RGP to gene families

The rgp_families.tsv is a TSV file that maps each RGP to its gene family content.

It can be written with the following command:

ppanggolin write_pangenome -p pangenome.h5 --regions_families -o rgp_outputs

Column	Description
rgp_id	The RGP identifier (found in ‘region’ column of `regions_of_genomic_plasticity.tsv`).
family_id	The gene family identifier present in the RGP.

Spots

The spots.tsv is a tsv file that links the spots in summarize_spots.tsv with the RGPs in regions_of_genomic_plasticity.tsv.

It can be created with the following command:

ppanggolin write_pangenome -p pangenome.h5 --spots -o rgp_outputs

Column	Description
spot_id	The spot identifier (found in the ‘spot’ column of `summarize_spots.tsv`).
rgp_id	The RGP identifier (found in ‘region’ column of `regions_of_genomic_plasticity.tsv`).

Summarize spots

The summarize_spots.tsv file is a tsv file that will associate each spot with multiple metrics that can indicate the dynamic of the spot.

It can be created with the following command:

ppanggolin write_pangenome -p pangenome.h5 --spots -o rgp_outputs

Column	Description
spot	The spot identifier. It is unique in the pangenome.
nb_rgp	The number of RGPs present in the spot.
nb_families	The number of different gene families that are found in the spot.
nb_unique_family_sets	The number of RGPs with different gene family content.

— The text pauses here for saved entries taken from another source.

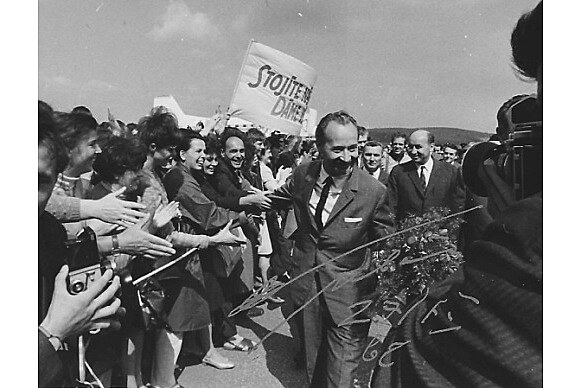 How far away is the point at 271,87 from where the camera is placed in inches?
41.0

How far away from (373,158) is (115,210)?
1.65 ft

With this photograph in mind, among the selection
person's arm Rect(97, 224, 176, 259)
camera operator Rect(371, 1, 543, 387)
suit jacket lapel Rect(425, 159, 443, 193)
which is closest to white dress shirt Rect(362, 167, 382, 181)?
suit jacket lapel Rect(425, 159, 443, 193)

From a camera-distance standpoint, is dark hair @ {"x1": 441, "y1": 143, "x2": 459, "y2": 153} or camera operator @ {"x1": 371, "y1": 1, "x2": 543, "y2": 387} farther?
dark hair @ {"x1": 441, "y1": 143, "x2": 459, "y2": 153}

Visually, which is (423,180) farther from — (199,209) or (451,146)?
(199,209)

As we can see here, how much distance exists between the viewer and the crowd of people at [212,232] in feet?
2.78

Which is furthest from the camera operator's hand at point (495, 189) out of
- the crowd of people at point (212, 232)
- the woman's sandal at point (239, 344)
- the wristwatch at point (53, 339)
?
the wristwatch at point (53, 339)

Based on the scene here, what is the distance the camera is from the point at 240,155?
1.14 m

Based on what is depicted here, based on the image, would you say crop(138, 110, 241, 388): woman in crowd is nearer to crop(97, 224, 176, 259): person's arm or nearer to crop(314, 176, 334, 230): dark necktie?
crop(97, 224, 176, 259): person's arm

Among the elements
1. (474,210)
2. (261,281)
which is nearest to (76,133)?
(261,281)

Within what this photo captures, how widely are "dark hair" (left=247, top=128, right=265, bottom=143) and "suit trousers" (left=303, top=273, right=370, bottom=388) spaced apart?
13.0 inches

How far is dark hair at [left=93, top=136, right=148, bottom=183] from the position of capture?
906 mm

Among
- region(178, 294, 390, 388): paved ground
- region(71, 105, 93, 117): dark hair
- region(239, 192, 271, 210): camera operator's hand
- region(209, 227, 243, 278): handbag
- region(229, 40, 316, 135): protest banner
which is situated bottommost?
region(178, 294, 390, 388): paved ground

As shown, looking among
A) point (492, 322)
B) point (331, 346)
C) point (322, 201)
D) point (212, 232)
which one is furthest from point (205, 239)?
point (492, 322)

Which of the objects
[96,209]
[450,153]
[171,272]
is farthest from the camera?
[450,153] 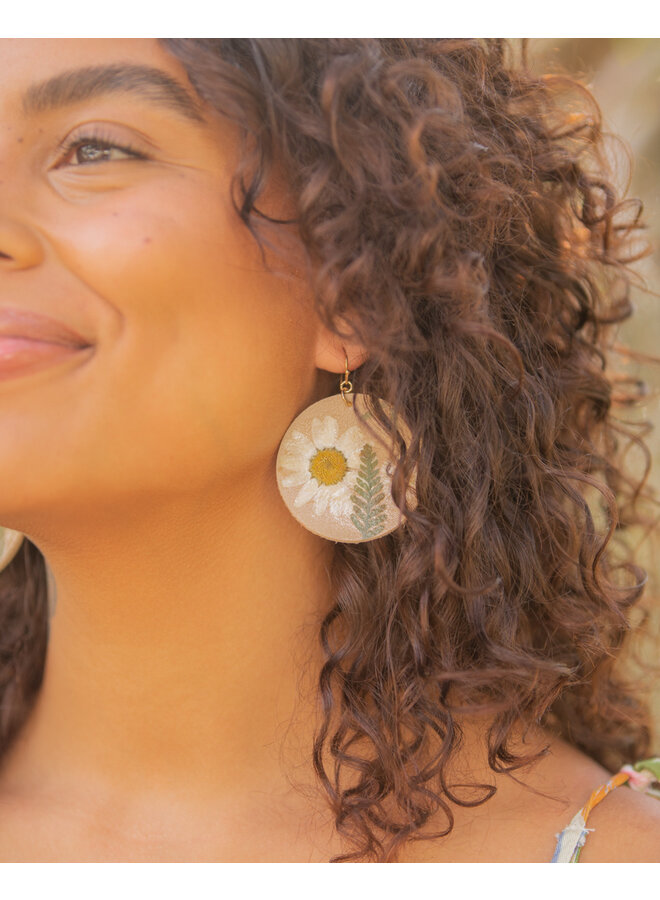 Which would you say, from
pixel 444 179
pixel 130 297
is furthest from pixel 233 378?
pixel 444 179

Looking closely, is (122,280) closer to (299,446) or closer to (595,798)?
(299,446)

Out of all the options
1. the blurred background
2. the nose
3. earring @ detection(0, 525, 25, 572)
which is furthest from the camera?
the blurred background

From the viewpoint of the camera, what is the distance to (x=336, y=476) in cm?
187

If two RGPs are identical, they will be counted only once. The difference between this number and the one provided in ‘nb_rgp’ can be a strong indicator on whether their is a high turnover in gene content in this area or not.
mean_nb_genes	The mean number of genes on RGPs in the spot.
stdev_nb_genes	The standard deviation of the number of genes in the spot.
max_nb_genes	The longest RGP in number of genes of the spot.
min_nb_genes	The shortest RGP in number of genes of the spot.

Borders

Each spot has at least one set of gene families bordering them. To write the list of gene families bordering spots, you can use the --borders option as follow:

ppanggolin write_pangenome -p pangenome.h5 --borders -o rgp_outputs

It will write a .tsv file with 4 columns:

Column	Description
spot_id	The spot identifier. It is unique in the pangenome.
number	The number of RGPs present in the spot that have those bordering genes.
border1	Comma-separated list of gene families of the 1st border.
border2	Comma-separated list of gene families of the 2nd border.

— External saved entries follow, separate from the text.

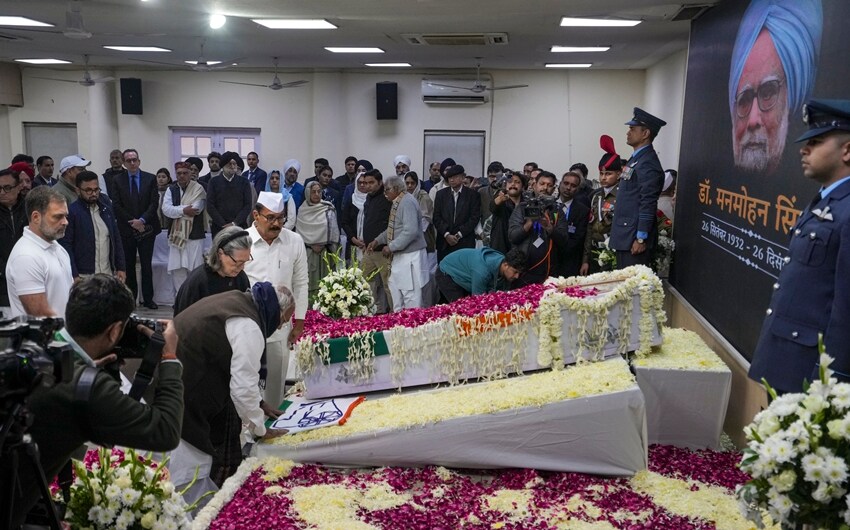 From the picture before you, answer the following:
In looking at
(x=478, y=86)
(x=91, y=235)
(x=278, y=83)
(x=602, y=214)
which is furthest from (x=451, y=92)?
(x=91, y=235)

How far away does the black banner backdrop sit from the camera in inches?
148

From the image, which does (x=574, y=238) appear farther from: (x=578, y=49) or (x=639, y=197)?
(x=578, y=49)

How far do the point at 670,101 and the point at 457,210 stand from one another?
A: 373 cm

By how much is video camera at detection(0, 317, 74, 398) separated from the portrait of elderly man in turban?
350 cm

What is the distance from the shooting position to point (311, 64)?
41.5 ft

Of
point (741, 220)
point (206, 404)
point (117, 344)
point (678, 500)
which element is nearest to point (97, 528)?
point (117, 344)

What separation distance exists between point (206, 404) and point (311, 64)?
397 inches

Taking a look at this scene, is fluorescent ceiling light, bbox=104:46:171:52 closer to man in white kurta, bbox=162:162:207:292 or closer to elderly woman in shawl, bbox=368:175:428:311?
man in white kurta, bbox=162:162:207:292

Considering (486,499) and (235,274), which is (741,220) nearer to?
(486,499)

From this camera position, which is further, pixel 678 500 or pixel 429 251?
pixel 429 251

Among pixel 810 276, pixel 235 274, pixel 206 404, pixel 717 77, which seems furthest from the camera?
pixel 717 77

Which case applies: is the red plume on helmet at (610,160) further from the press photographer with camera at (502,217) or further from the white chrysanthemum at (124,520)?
the white chrysanthemum at (124,520)

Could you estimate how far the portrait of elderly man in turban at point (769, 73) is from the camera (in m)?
3.83

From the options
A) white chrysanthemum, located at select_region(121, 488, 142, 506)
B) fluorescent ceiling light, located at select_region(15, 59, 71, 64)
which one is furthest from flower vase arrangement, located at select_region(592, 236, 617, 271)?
fluorescent ceiling light, located at select_region(15, 59, 71, 64) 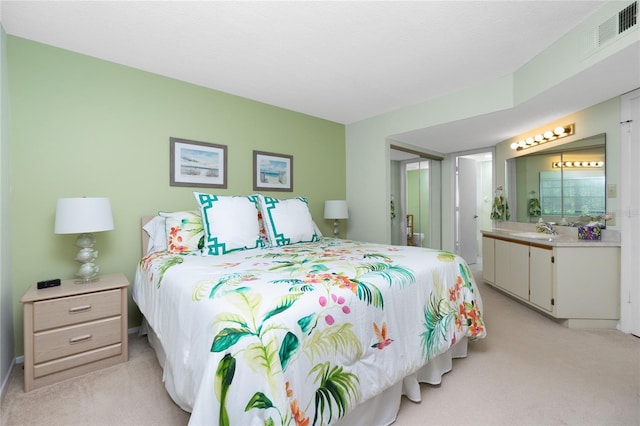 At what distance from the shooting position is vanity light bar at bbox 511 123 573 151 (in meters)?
3.13

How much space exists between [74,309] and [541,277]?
393 cm

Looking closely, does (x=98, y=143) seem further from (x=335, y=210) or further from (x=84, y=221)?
(x=335, y=210)

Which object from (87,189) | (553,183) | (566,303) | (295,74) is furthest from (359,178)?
A: (87,189)

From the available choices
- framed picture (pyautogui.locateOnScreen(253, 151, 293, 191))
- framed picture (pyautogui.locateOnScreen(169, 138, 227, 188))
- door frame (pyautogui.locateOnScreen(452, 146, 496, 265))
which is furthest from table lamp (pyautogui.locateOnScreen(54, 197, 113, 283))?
door frame (pyautogui.locateOnScreen(452, 146, 496, 265))

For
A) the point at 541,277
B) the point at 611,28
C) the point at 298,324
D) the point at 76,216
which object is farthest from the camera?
the point at 541,277

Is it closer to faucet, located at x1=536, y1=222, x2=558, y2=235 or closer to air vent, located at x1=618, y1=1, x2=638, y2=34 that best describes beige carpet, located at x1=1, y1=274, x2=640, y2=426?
faucet, located at x1=536, y1=222, x2=558, y2=235

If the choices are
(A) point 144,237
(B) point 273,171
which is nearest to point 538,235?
(B) point 273,171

Since there can be some variation in the borders, some spots will have multiple borders and thus multiple lines in this file. The sum of the number for each spot_id should be exactly the number of RGPs in the spot.

In addition, the --borders option also generates a file named border_protein_genes.fasta, containing protein sequences corresponding to the gene families of the spot borders.

Draw spots

The draw command with the option --draw_spots can draw specific spots of interest, whose ID are provided, or all the spots if you wish. It will also write a gexf file, which corresponds to the gene families and their organization within the spots. It is basically a subgraph of the pangenome, consisting of the spot itself. The command can be used as such:

ppanggolin draw -p pangenome.h5 --draw_spots --spots all

This command draws an interactive .html figure and a .gexf graph file for all the spots.

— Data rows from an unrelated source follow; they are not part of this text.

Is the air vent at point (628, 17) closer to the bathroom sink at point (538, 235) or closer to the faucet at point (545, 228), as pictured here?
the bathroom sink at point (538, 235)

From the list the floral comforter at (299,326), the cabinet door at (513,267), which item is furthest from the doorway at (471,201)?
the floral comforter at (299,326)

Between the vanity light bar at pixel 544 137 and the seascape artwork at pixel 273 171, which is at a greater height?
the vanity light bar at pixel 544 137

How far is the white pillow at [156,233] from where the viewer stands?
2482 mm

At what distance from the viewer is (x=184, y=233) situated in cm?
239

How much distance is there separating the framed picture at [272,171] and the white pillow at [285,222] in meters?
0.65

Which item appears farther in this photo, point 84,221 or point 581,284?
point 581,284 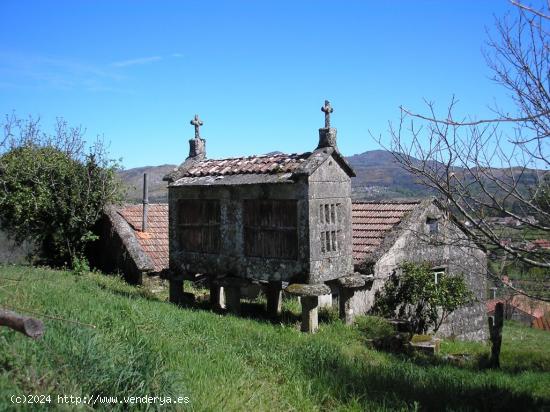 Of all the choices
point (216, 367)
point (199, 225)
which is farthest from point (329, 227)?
point (216, 367)

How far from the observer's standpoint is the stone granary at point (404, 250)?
12.5 m

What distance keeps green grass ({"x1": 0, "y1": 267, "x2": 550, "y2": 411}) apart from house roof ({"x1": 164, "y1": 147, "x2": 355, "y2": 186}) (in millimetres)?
2726

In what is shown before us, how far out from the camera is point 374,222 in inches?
556

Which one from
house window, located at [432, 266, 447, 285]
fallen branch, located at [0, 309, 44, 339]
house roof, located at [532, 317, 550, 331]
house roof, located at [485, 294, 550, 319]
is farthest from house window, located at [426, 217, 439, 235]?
house roof, located at [532, 317, 550, 331]

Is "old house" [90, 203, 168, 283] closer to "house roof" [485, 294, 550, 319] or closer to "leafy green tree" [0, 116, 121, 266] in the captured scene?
"leafy green tree" [0, 116, 121, 266]

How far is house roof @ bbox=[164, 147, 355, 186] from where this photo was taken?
970cm

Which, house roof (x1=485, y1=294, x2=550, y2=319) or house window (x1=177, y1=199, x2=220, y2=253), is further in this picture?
house window (x1=177, y1=199, x2=220, y2=253)

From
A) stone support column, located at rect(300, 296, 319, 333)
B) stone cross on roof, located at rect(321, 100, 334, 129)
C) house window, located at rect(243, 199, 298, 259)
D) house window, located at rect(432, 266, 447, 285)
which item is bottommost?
stone support column, located at rect(300, 296, 319, 333)

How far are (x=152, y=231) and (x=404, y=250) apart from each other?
711cm

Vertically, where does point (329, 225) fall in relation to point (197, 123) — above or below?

If you are interested in only a single spot, you can use its identifier to draw it. For example for the spot_34:

ppanggolin draw -p pangenome.h5 --draw_spots --spots spot_34

The interactive figures that are drawn look like this:

The plot represents the different gene organizations that are found in the spot. If there are RGPs with identical gene organization, the organization is represented only once (the represented RGP is picked at random among all identical RGPs). The list of RGPs with the same organization is accessible in the file written alongside the figure called spot_X_identical_rgps.tsv, with X the spot_id.

They can be edited using the sliders and the radio buttons, to change various graphical parameters, and then the plot itself can be saved using the save button on the right of the screen, if need be.

For the gexf file, you can see how to visualize it in the section about the pangenome gexf.